Her 30 Rock co-stars remark on Ms. Stritch’s lively persona.
“We know what to expect,” Tina Fey says, shaking her head. “Every time she arrives, whoa, here comes Elaine!” Ms. Fey pointedly adds that Ms. Stritch tends not to wear pants.
In another clip, we witness Ms. Stritch on set ready to film a 30 Rock scene.
“Who are we waiting for?” a producer calls out.
“Young Alec Joan Crawford Baldwin!” Ms. Stritch gripes, to laughs from the crew.
The most compelling part of the film concerns Ms. Stritch’s struggle with alcoholism. At one lunch, she illustrates her one-drink-per-day quota by pulling out a baby bottle filled with gin. Drinking, she explains, is an escape, “a warm, inviting heaven,” from the anxieties of the theater. We also see her battle with aging, in one instance forgetting the name of Bernadette Peters, her co-star in A Little Night Music, who she calls Nanette Fabray. (“Don’t cut that,” she instructs the filmmakers. “I want her to see that.”)

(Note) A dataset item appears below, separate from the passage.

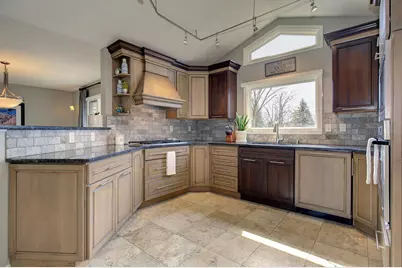 17325 25th Avenue N, Plymouth, MN 55447 - Photo 11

“She’s irreverent and feisty, but she’s got the guts of a jailbird,” comments Broadway producer Hal Prince. “You learn to put up with it. She’s worth it.”
Reception to the film was giddy.
“I expected a huge theater,” Ms. Stritch sniped as she was wheeled onstage in a full-length mink. “This looks like a children’s theater.”

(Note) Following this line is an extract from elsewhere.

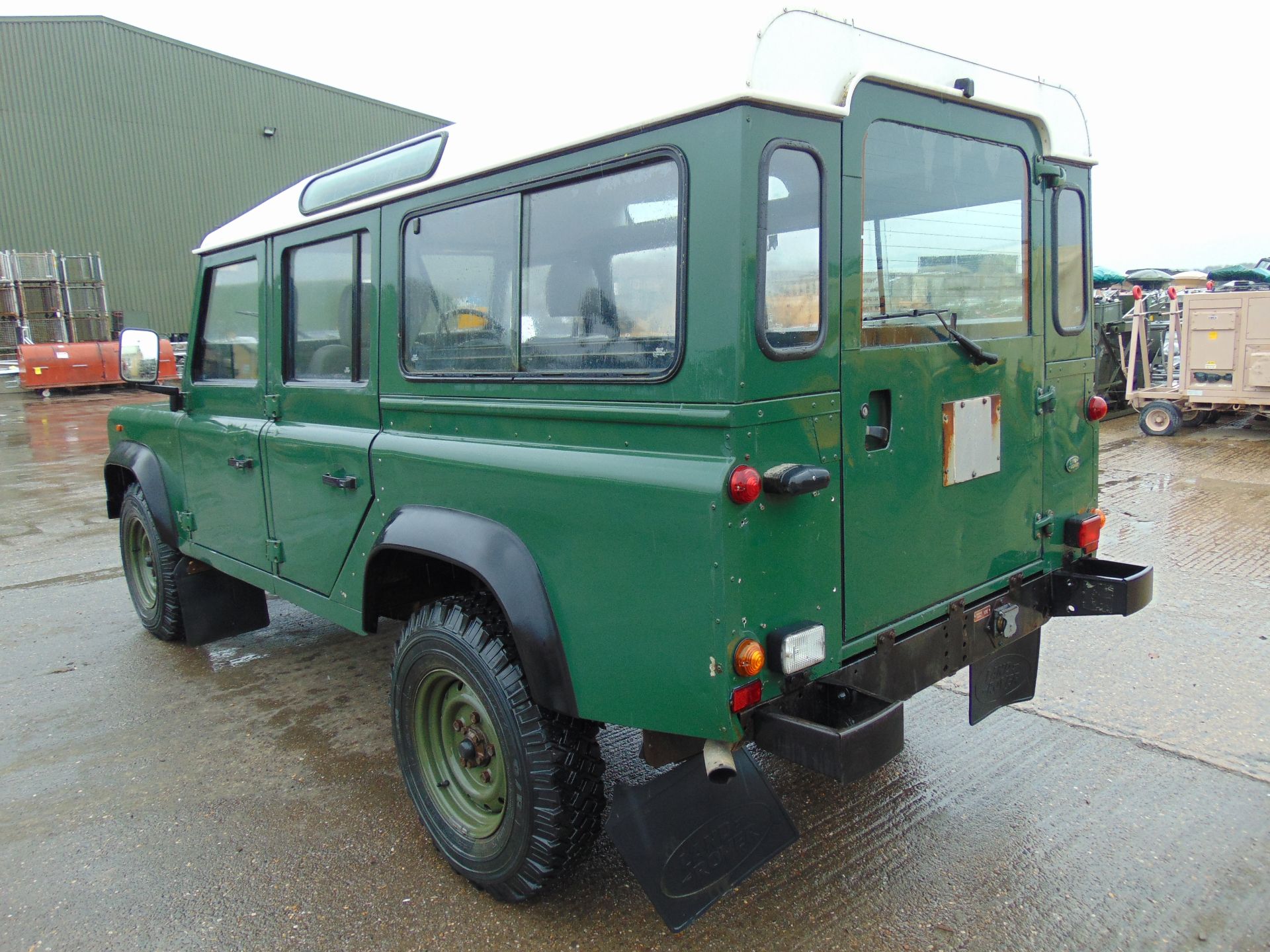 Land Rover Defender 110 300TDi Station Wagon - Image 6 of 20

Fans were desperate to ask questions.
“What is your aversion to wearing pants?” asked one.
To which Ms. Stritch seemed nonplussed. “Who made that up?” she barked. “Who said I don’t wear pants?” From there, it was downhill, albeit hysterically, and the Q&A drew to a quick close.
“We’re all going to have drinks outside,” Ms. Stritch concluded. “Except that man who asked the question about the pants.”

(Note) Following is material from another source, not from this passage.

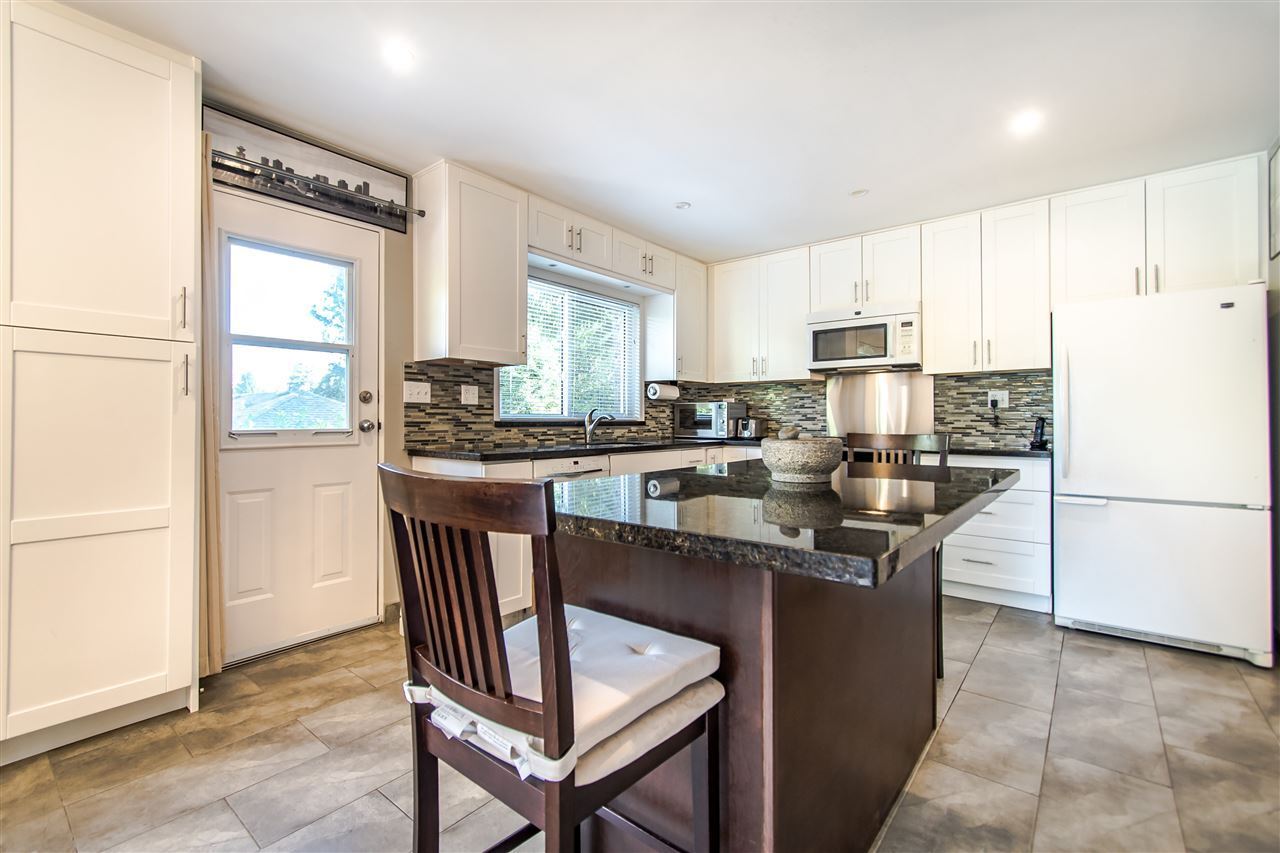 733 Guiltner St, Coquitlam 10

On Thursday, drinks were flowing at a benefit for the Smithsonian’s Freer-Sackler Galleries hosted by Reem Acra, whose gorgeous pre-fall 2014 frocks were on display. With the subject of retirement on our mind, Shindigger decided to ask the guests where they would spend their golden years—that is, if they understood the concept of retirement, since it was safe to assume few of them had ever worked.
“I cannot even think of retiring or where to go,” Ms. Acra protested. “There are so many great places: Dubai, Italy, New York, Lebanon. I am not done traveling.” She went off to greet an acquaintance inspecting one of her vintage Arab garments.
A few days later, at the Museum of the City of New York Director’s Council Winter Ball, co-hosted by furrier Dennis Basso, Shindigger asked Prince Dimitri of Yugoslavia where he would spend his elderliness.
“Probably in Tuscany, provided Italy doesn’t sink into chaos by then,” he replied. Garbed in bespoke Cifonelli black tie, Prince Dimitri spent the majority of his evening in the company of friend Stephanie Foster.
Social bee Chiu-Ti Jansen went with a dramatic fire-engine-red Oscar de la Renta taffeta gown for the affair. Asked the same question, she exclaimed: “Hands down, southern France. I can have bouillabaisse or bourride à la sétoise, baguettes and a bottle of local wine every day!”
Red-carpet dress designer Romona Keveza, who is busy preparing looks for Oscar-night consideration, couldn’t quite fathom slowing down. “I’m doing what I plan to do for the rest of my life,” she averred—and even if she did retire, she declared, she wouldn’t move an inch:
“New York is the best place in the world. There is no place I’d rather be.”
You said it, sister. Now go tell Elaine Stritch.